The legend of Devil’s Den is infamous. The woods around it haunted by a monster that feeds on human flesh and kills indiscriminately. On the run from police, Josef (Karl Markovics), runs to the one place he thinks no one will dare look for him. Once ‘safe’ Josef encounters the monster, a dead girl who just wants to be left alone, in her home. However, the arrival of Josef changes the future of the Devil (Nadia Alexander) of Devil’s Den and that of the boy he had kidnapped, Alex (Toby Nichols).

In a single word, this film is clever.

In the oddest of ways this is a coming-of-age movie for a teenage monster who died in gruesome circumstances and who has killed any adult that has come near her, as adults have proven themselves to be untrustworthy. So, her encounter with Alex, someone her own age, who evidently can’t and won’t harm her and doesn’t know she looks like the descendent of Linda Blair in The Exorcist, is the first positive human interaction she has had in a long time.

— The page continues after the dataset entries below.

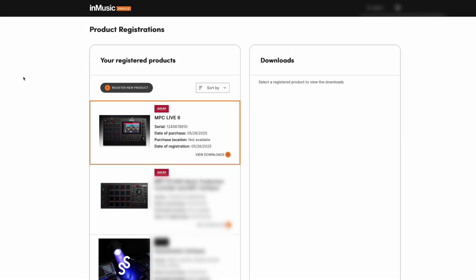Welcome to this quick overview on how to access and install MPC3 desktop beta software. First, log into your InMusic profile account. Here you will see any registered hardware products or MPC desktop software.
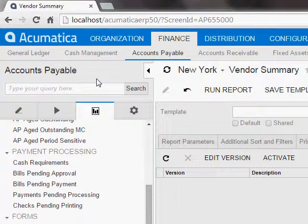I'd like to show you one of my favorite features in the Acumatica Report Designer program, and that feature is Report Versions.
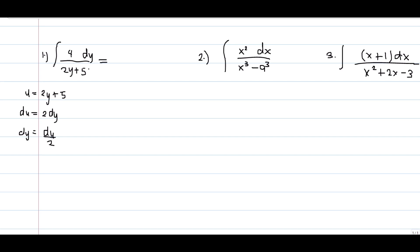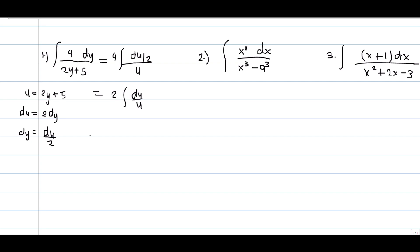From the given, we have the integral of 4dy over 2y plus 5. We can now substitute, so we have 4 times du over 2 in the numerator. Simplifying 4 over 2 gives us 2, and we have the integral of du over u. Applying the formula, we get 2 ln u plus C.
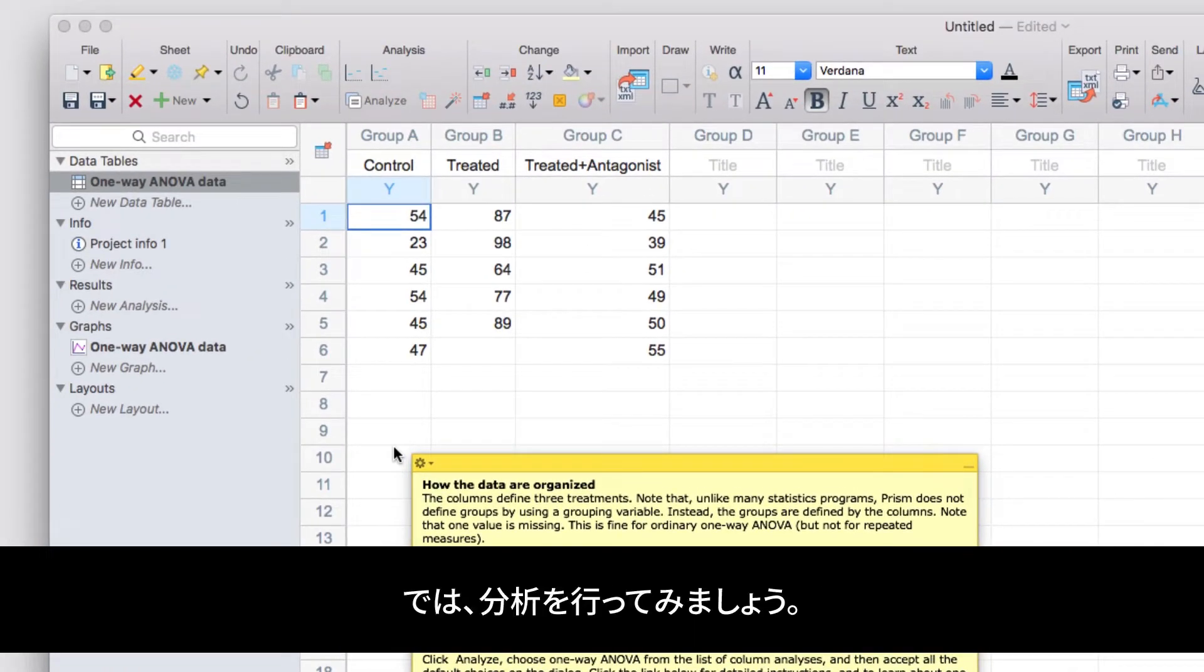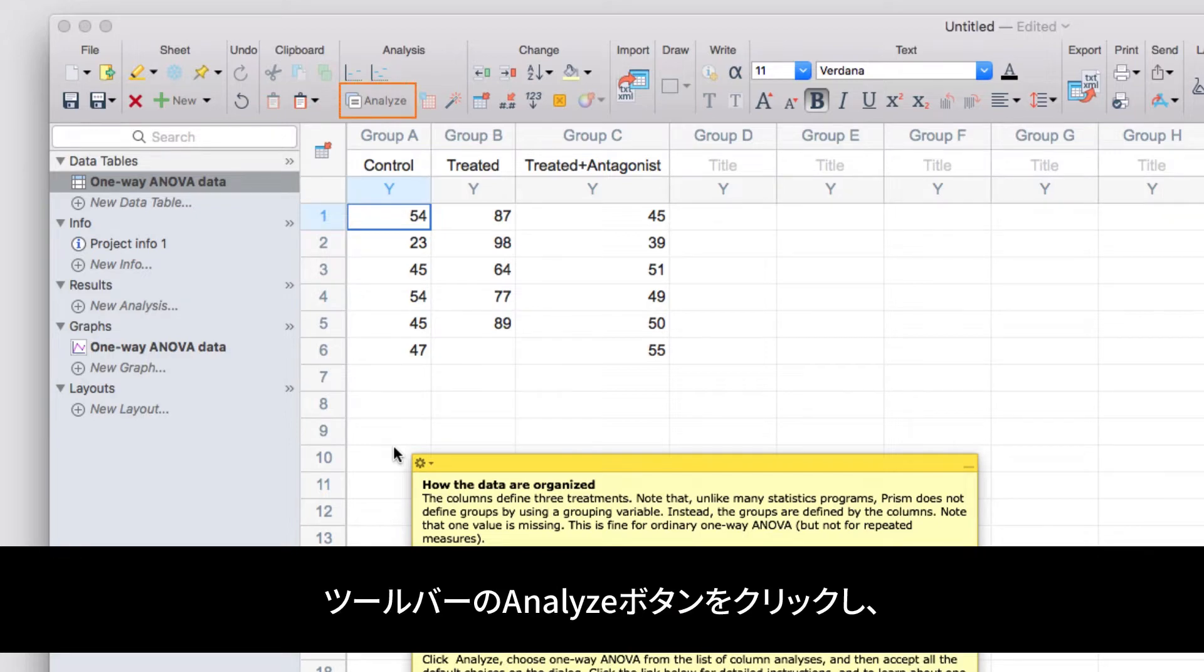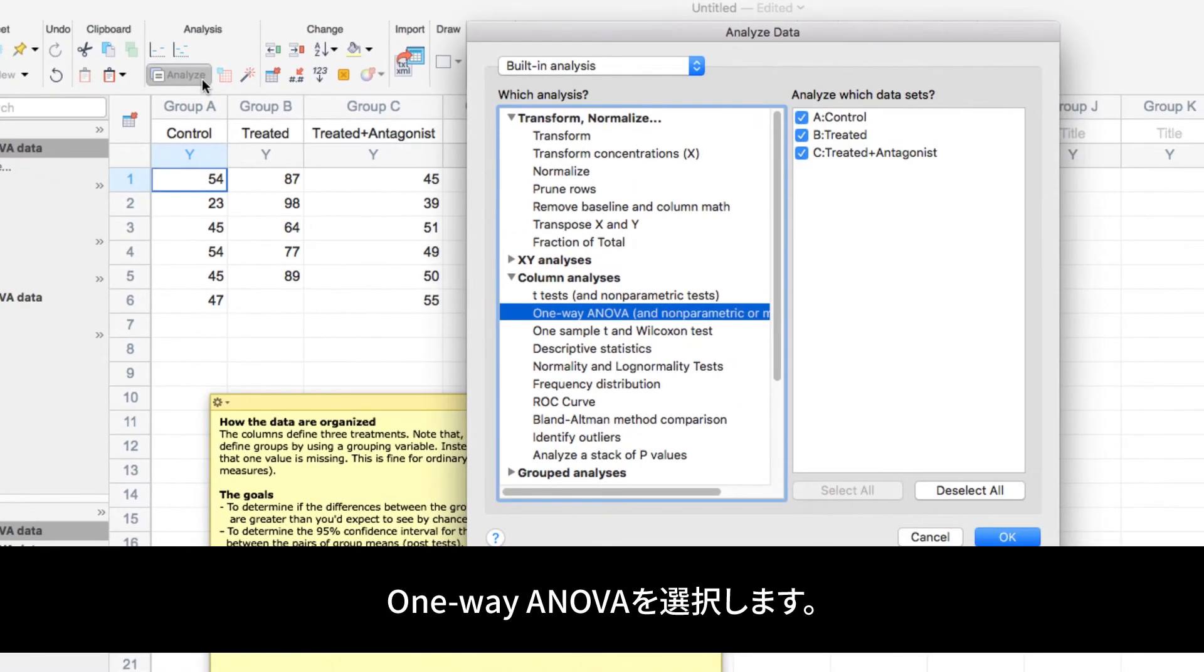Let's now look at how to perform an analysis. In the toolbar, let's click the Analyze button, select One Way ANOVA, and click OK.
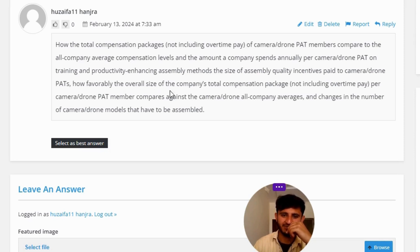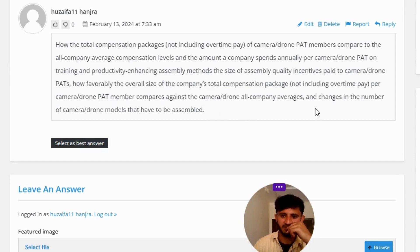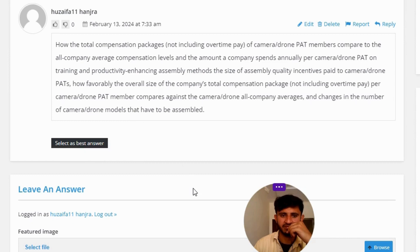Also included is how fairly the overall size of the company's total compensation package, not including overtime pay per camera drone PAT member, compares against the all-company average, and the change in the number of camera drone models that have to be assembled. That covers the answer to the question.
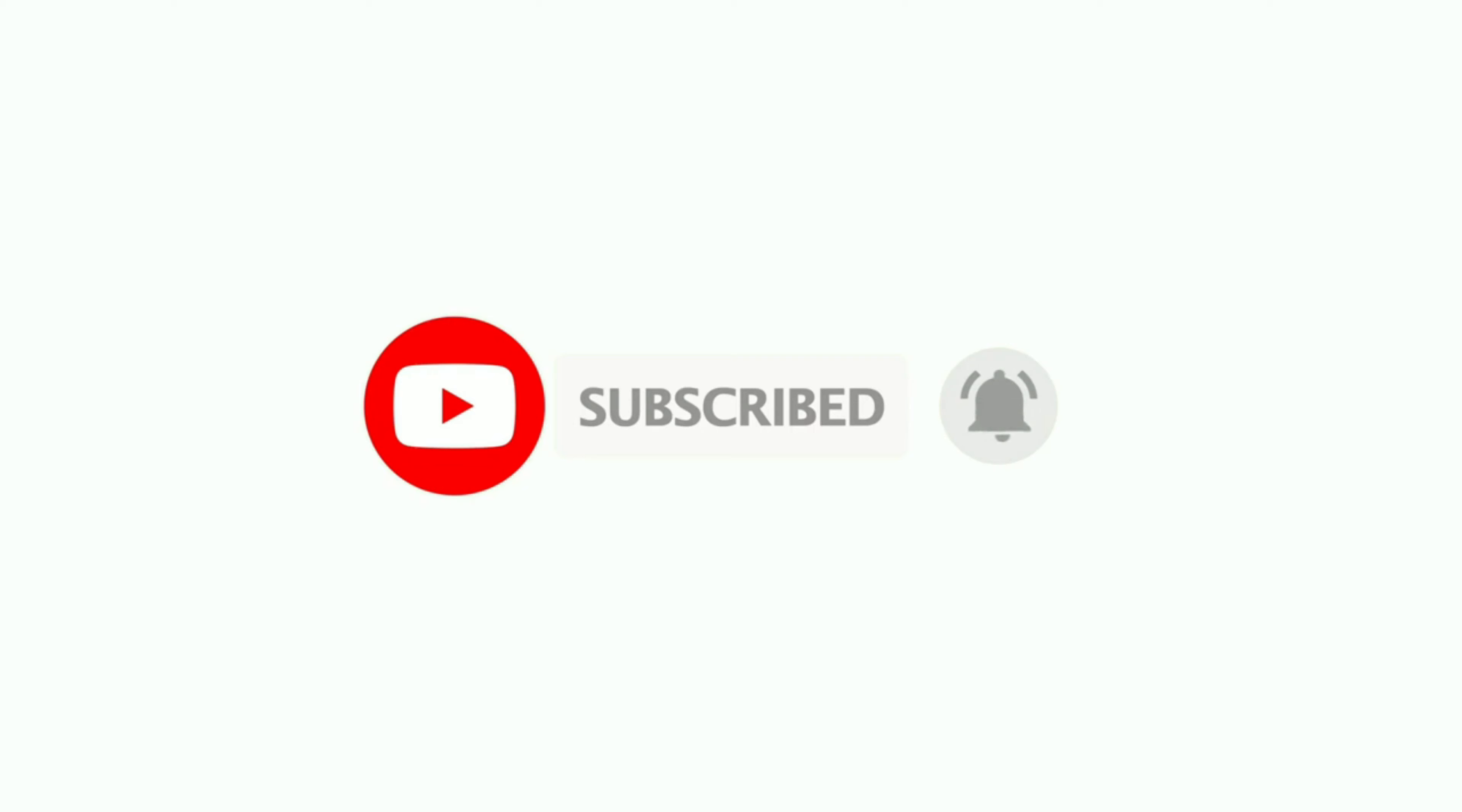If Pakistan win their next two matches against South Africa and Bangladesh, they will be able to get six points. But if South Africa win one of their remaining matches, they will definitely get seven points.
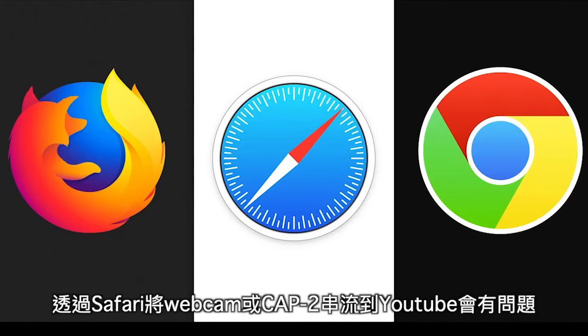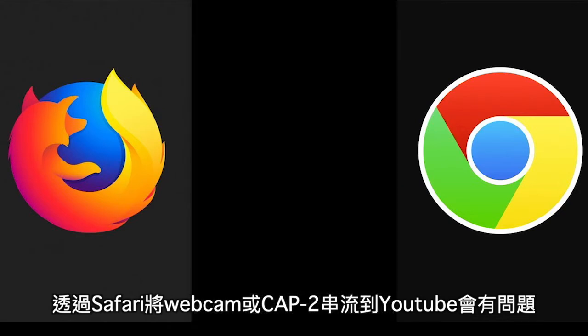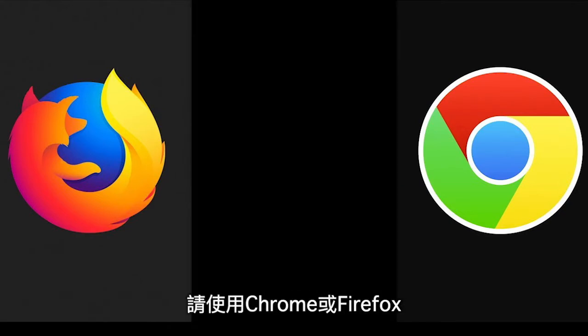Keep in mind that when you are using a Mac, you will have issues using Safari for streaming to YouTube Live using your webcam or Cap 2. So use Chrome or Firefox instead.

Bonded by the abuse they have separately suffered and the physical scars that mark them, they soon become a team. Mina helping Alex for human rather than monster reasons and Alex completely accepting that she kills people. He brings out her kindness and she helps him break free of the figurative bonds still tying him to his captor and keeping him from his family.

The changes in Mina’s personality are not as obvious at first, as you have no idea what she was like before the start of the film. The physical changes are subtle, and the make-up department do a great job. There is moment just before Mina realises the physical changes that the audience notice it and it’s a great moment. Mina runs with the changes, all told by the looks of wonder and awe of Nadia Alexander, who effortlessly switches between monster and shy teenager. Her ability to play the character, that looks like a monster, as a normal stroppy teen without it feeling weird, is brilliant.

Toby Nichols conveys his fear through some contortionist body movements as he does his best to make Alex small and invisible and he works with the prosthetics of his scarred eyes. The body language shows his growing in confidence despite by being blind and totally dependent on Mina.

Darkness and the associated fear is used in so many ways in storytelling, from the literal lack of light and things that go bump in the night, the creature that darkens your door, a black soul, dark thoughts and the darkness of being blind. The Dark uses nearly all of them, in a film that is actually about bringing things to the light. As I said – clever.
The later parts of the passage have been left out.